**Exercise prompt:**
As you reproduce every line below, keep it exactly as written and leave out the images.

Data START

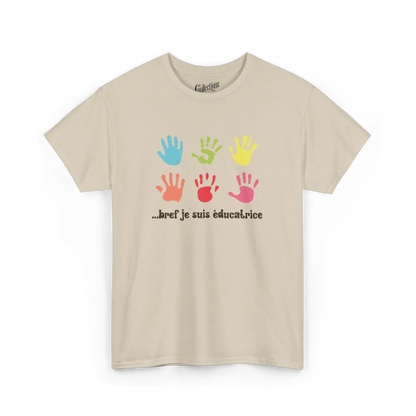 Vie d’Prof - T-Shirt - T-shirt -... bref je suis éducatrice - Sable / S / M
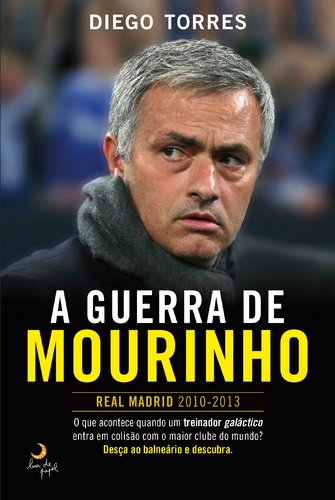 A Guerra de Mourinho (Portuguese Edition) Diego Torres Books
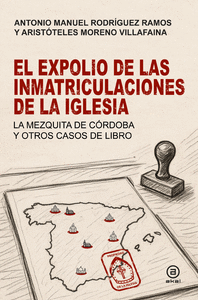 EL EXPOLIO DE LAS INMATRICULACIONES DE LA IGLESIA Cover Image: EL EXPOLIO DE LAS INMATRICULACIONES DE LA IGLESIA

Data END

**Task solution:**
 Vie d’Prof - T-Shirt - T-shirt -... bref je suis éducatrice - Sable / S / M
 A Guerra de Mourinho (Portuguese Edition) Diego Torres Books
 EL EXPOLIO DE LAS INMATRICULACIONES DE LA IGLESIA Cover Image: EL EXPOLIO DE LAS INMATRICULACIONES DE LA IGLESIA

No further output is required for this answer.